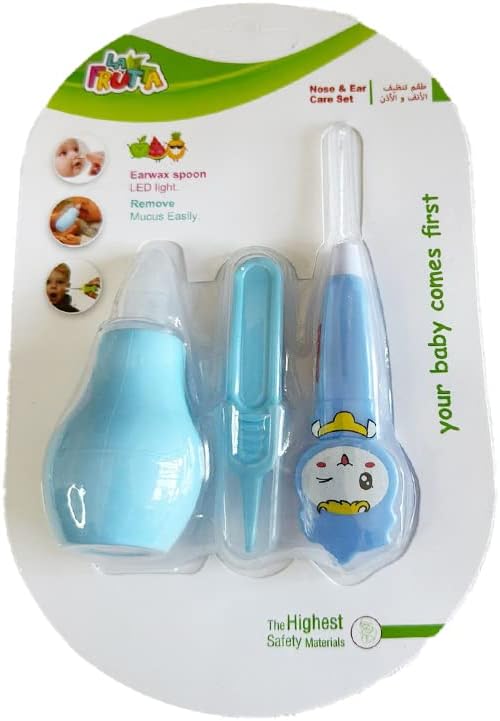 La Frutta Nose and ear care set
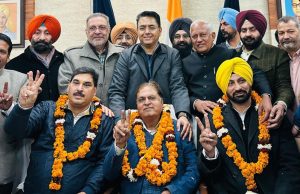 ਕੁੰਦਨ ਗੋਗੀਆ ਨੂੰ ਮਿਲੀ ਮੇਅਰ ਦੀ ਕੁਰਸੀ, Patiala ਨਗਰ ਨਿਗਮ ‘ਚ AAP ‘ਸਰਕਾਰ’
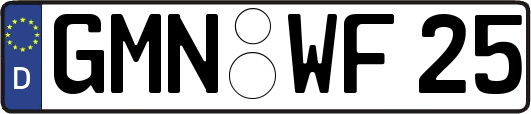 GMN-WF25
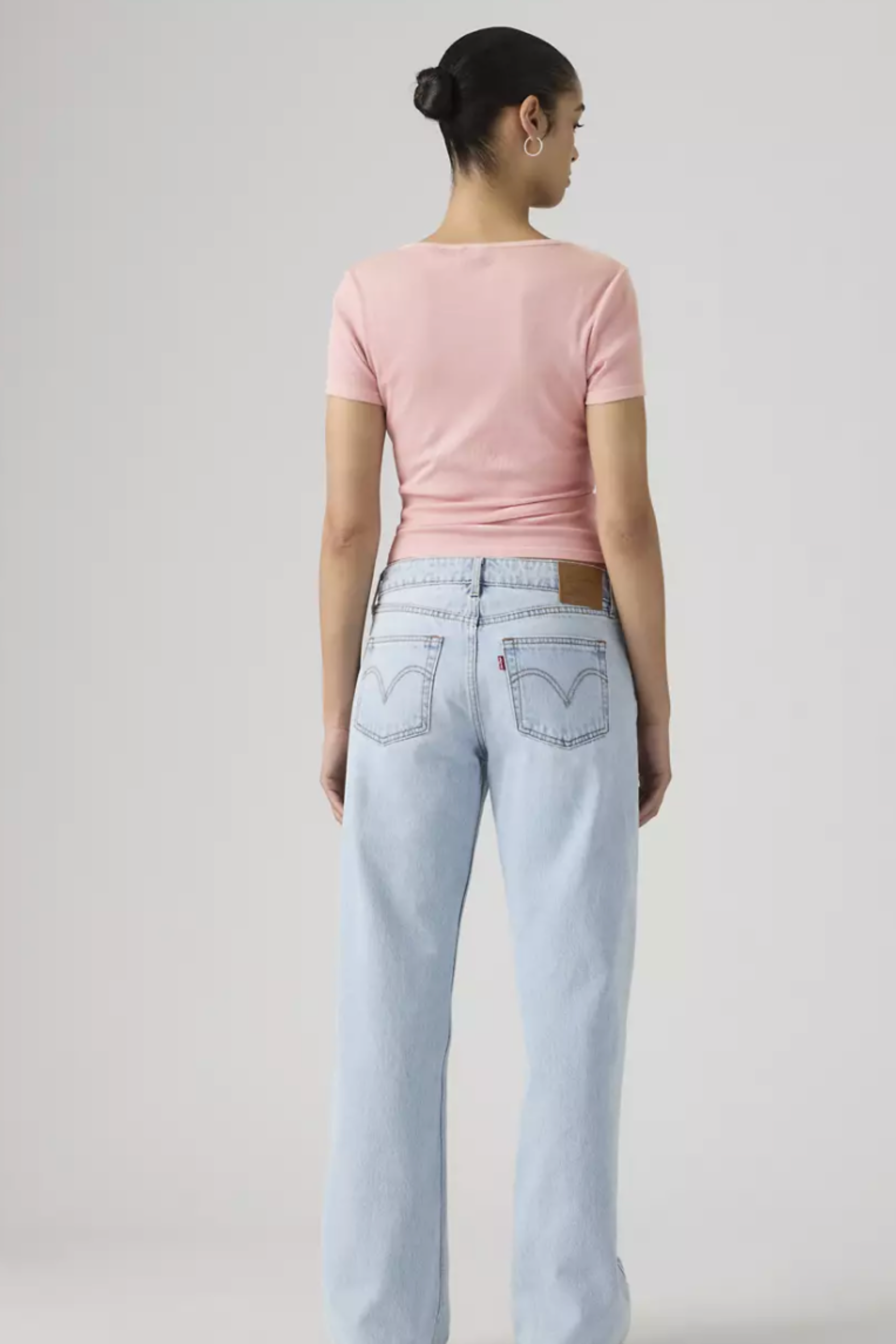 Levi's Low Loose Jeans - Pick Sides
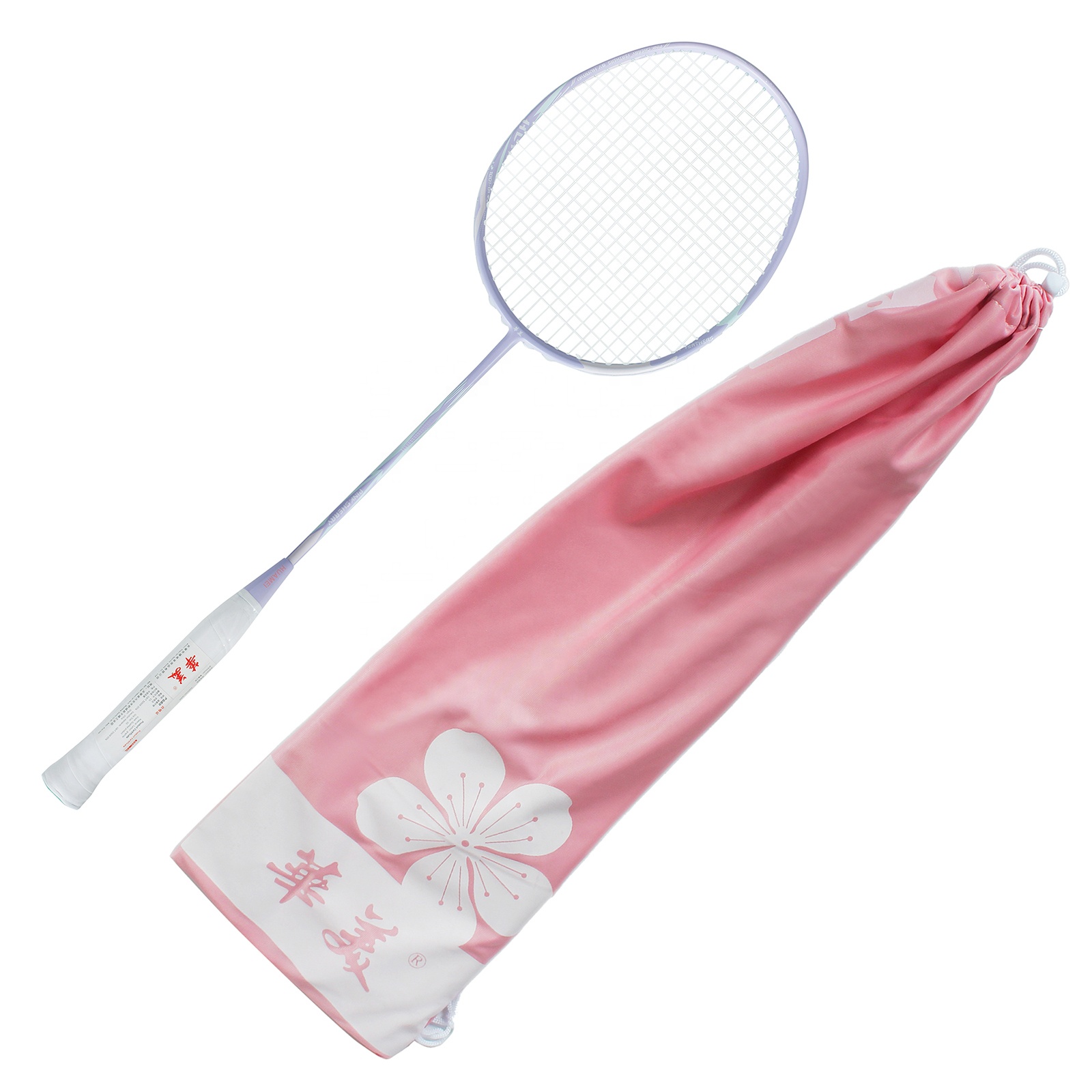 4U G5 Carbon fiber material ba - Badminton Racket 评论和价格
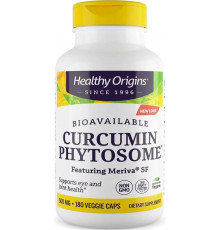 Куркумін Healthy Origins Curcumin Phytosome 500 мг 180 капс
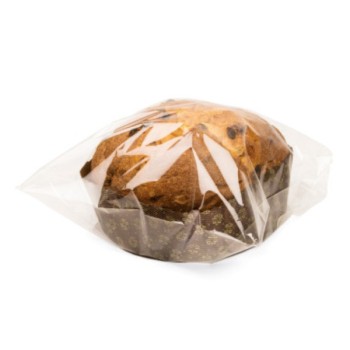 Panettone Cellophane Bags for 1 Kg Panettone - 300 x 400 mm - Pack of 200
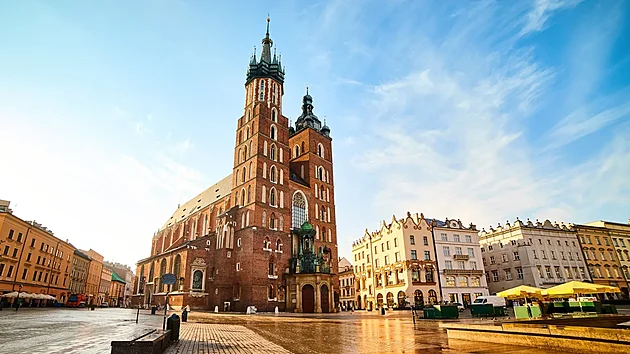 Město králů, jež přežilo válku. Historie Krakova na vás dýchne na každém kroku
***
## PROMPT
Would you copy out every entry above word for word, without the pictures?

## WRITTEN ANSWER
 La Frutta Nose and ear care set
 ਕੁੰਦਨ ਗੋਗੀਆ ਨੂੰ ਮਿਲੀ ਮੇਅਰ ਦੀ ਕੁਰਸੀ, Patiala ਨਗਰ ਨਿਗਮ ‘ਚ AAP ‘ਸਰਕਾਰ’
 GMN-WF25
 Levi's Low Loose Jeans - Pick Sides
 4U G5 Carbon fiber material ba - Badminton Racket 评论和价格
 Куркумін Healthy Origins Curcumin Phytosome 500 мг 180 капс
 Panettone Cellophane Bags for 1 Kg Panettone - 300 x 400 mm - Pack of 200
 Město králů, jež přežilo válku. Historie Krakova na vás dýchne na každém kroku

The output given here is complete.